The new documentary Anvil! The Story of Anvil opens with archival footage of Steve “Lips” Kudlow playing his Flying V guitar with a dildo. The image immediately evokes the classic mockumentary This Is Spinal Tap. It’s not much of a leap, or even a power slide, to connect the fictional rock stylings of David St. Hubbins and Nigel Tufnel to the authentic attempts at the big time of aging heavy metal act Anvil. Directed by longtime fan Sacha Gervasi, Anvil! even features an amp turned up to 11, a pilgrimage to Stonehenge, and a longtime drummer named Robb Reiner.

Anvil! also reveals surprising similarities to The Wrestler, another portrait of a long-haired 1980s pop relic. When the film shows Kudlow at his day job, delivering meals for a children’s catering company in snowy Toronto, it’s as poignant as seeing Randy “The Ram” Robinson working behind the deli counter. Kudlow makes nearly as compelling a central figure as Rourke’s role. Despite his macho posturing and faux Satanism on stage, Kudlow is a big, boyish softy. Gregarious and emotionally transparent, Kudlow goes through heartbreaking disappointment when things go wrong for the band — and do they ever.

Kudlow and Reiner (in their early 50s during the doc) began banging their heads as teenagers. Their first collaboration was a tune called “Thumb Hang,” about the Spanish Inquisition. In the 1980s, they earned just enough attention to inspire a cult following and influence more successful metal acts — Metallica’s Lars Ulrich, among others, sings their praises. Anvil! shows Kudlow, Reiner and their younger bandmates doggedly pursuing rock stardom. Inevitably, though, they end up snatching defeat from the jaws of victory.

A European tour, for instance, turns out to be one missed train and half-deserted beer hall after another. Kudlow puts a brave face on Anvil’s misfortunes and comments of the tour, “Things went wrong, but at least there was a tour for things to go wrong on.” At times, however, his optimistic front slips, releasing his anger and desperation. When a Czech club owner refuses to pay the band for being late, violence nearly breaks out.
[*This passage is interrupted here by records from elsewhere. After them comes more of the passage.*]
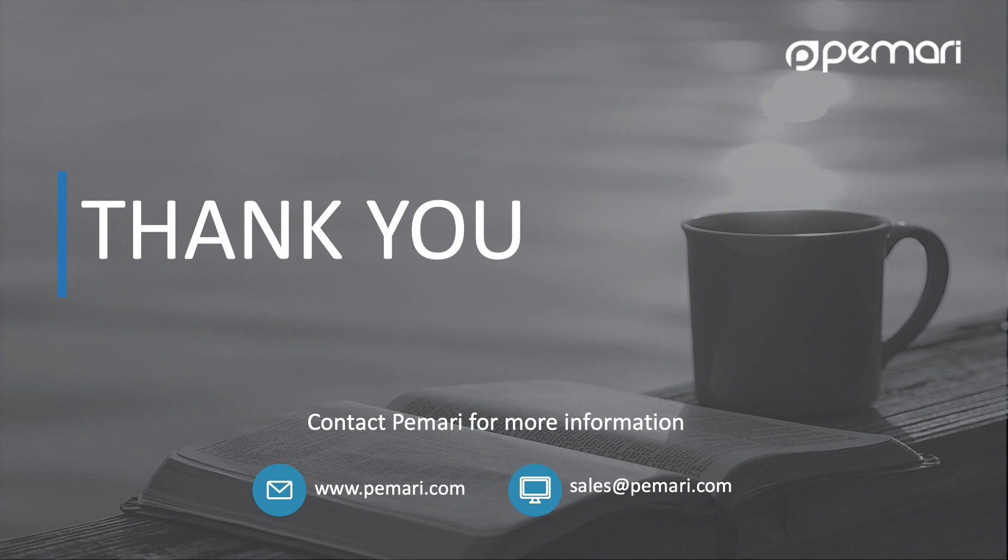For more information on Pemari's OpenID Connect for Clarity PPM, please visit our website or contact us by email at sales@pemari.com. Thank you for watching.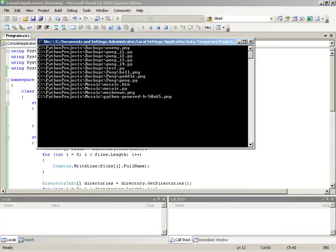So you can see that we first went into backups and then for backups we had a subfolder of pong. Then we went back out, went to mosaic and then listed all the files we were before. But the key here is we are now listing in a recursive manner, meaning that the application will walk through all directories that exist below the directory that is initially given to it. So that will wrap up this video. Thank you.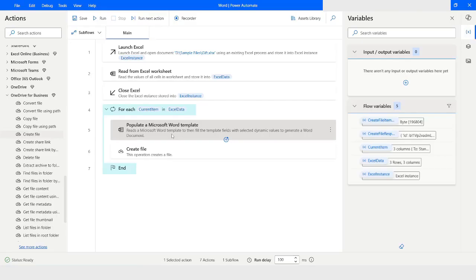So this is how you can populate a Word template using Power Automate Desktop. If you like this video please click the Like button and subscribe to my YouTube channel. If you have any questions please post them in the comment section. Thank you for watching, have a great day.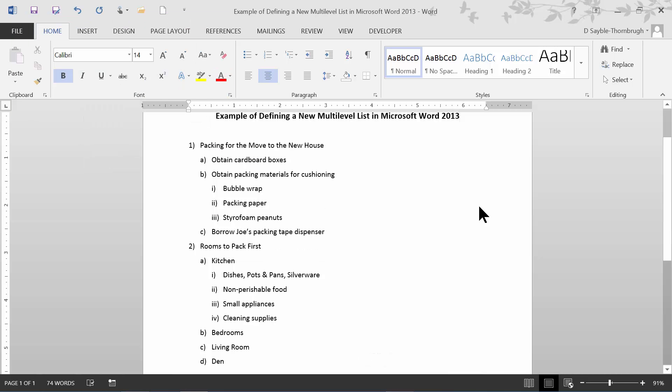Hi, this is Deborah Sable-Thornbrew, and I'm going to demonstrate how to modify or define a new multi-level list in Microsoft Word 2013.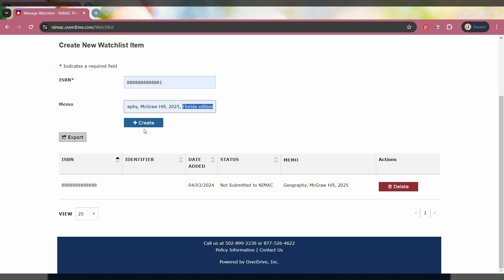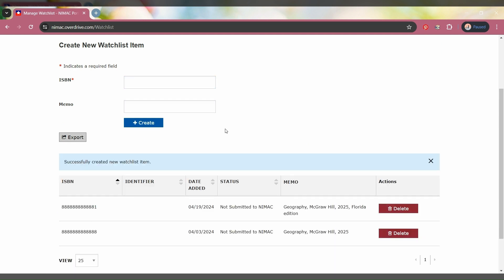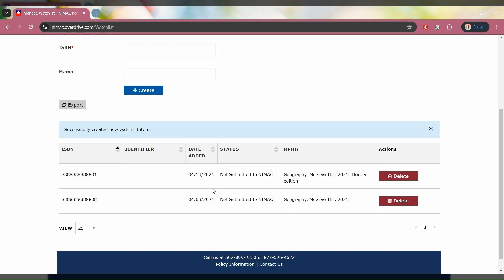Now that we have our ISBN and Memo field information in place, we can click the Create button. And you can see here that item will appear on your watchlist.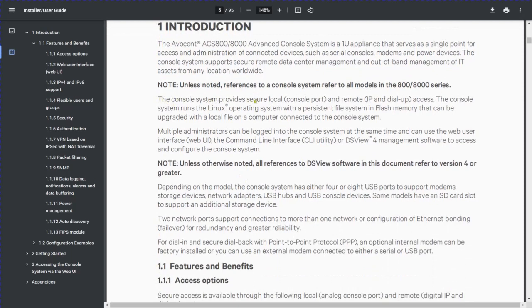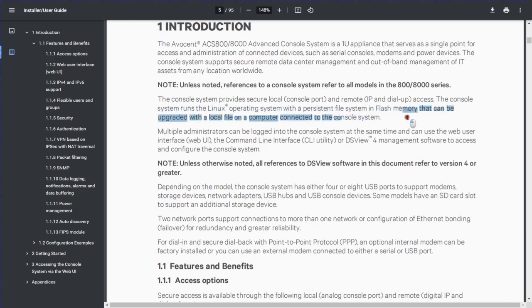The console system provides secure local console port and remote port access. The console system runs a Linux operating system, so if you are using Avocent you need to be aware of some basic Linux commands. The OS is totally Linux-based. On Avocent you will see all the things we generally manage on switches — like flash memory, storage — and if you need to upgrade the IOS you can do it.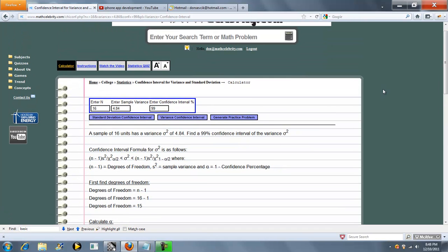So we'll go ahead and change a couple values here. We'll make this 12, make this 3.52, and we'll make this 95%. Most problems do that.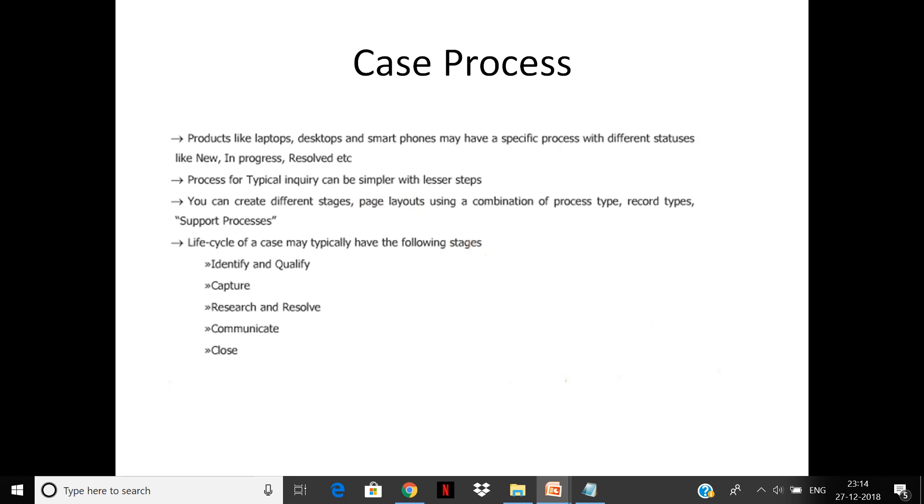There are different stages and page layouts. You can use record types and page layouts for different types of cases. If it's a typical inquiry, it will go through a different type of status. If it is a detailed resolution, it will go through a different set of processes. You can use the record type for each and then configure the pick lists so it goes through the following steps.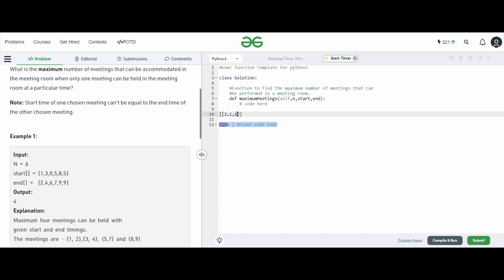We'll also store the index of each meeting. So the array will be structured as: [end, start, index]. After sorting by end time, the array looks like: [2, 1, 1], [4, 3, 2], [6, 0, 3], [7, 5, 4], [9, 8, 5], [9, 5, 6]. This is the sorted order — two comes first, then four, six, seven, nine, nine.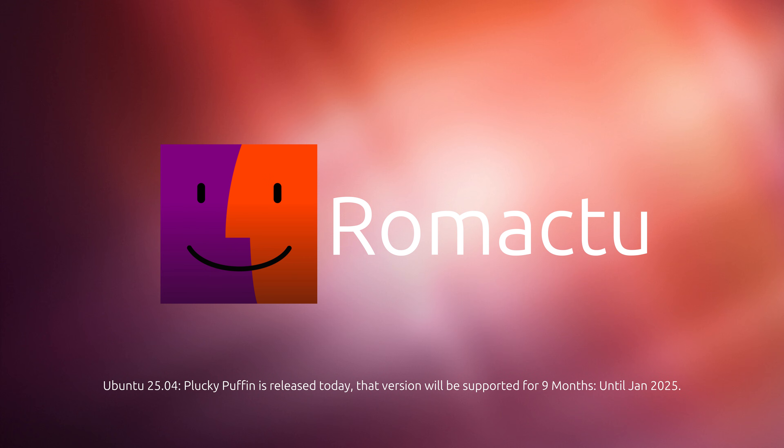Ubuntu 25.04 Pluggy Puffin will be supporting its own 9 months.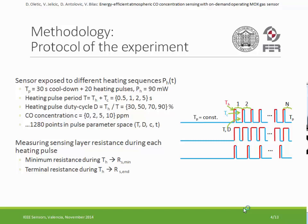This resulted in a parameter space of pairs: heating period T, duty cycle D, concentration C, and pulse index. At each heating pulse, we measured the sensing layer's resistance.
Later, in an attempt to raise money for one last album, Kudlow takes a job at a telemarketing firm owned by a fan named Cut Loose. Kudlow admits his Lips persona is too honest to be a natural salesman.

The audience initially laughs at Anvil’s hard luck and heavy metal hyperbole, but invests enormous emotional concern in the band almost without realizing it. Anvil’s quixotic, last-ditch bids at success leave the viewer sympathetic but with split feelings. Would Kudlow, Reiner and company be better off hanging up their guitars and drumsticks and putting their dream aside? The film offers an enormously affecting account of friendship, fandom and the heartlessness of showbiz. Anvil! completely wins over the audience, even without exploding drummers.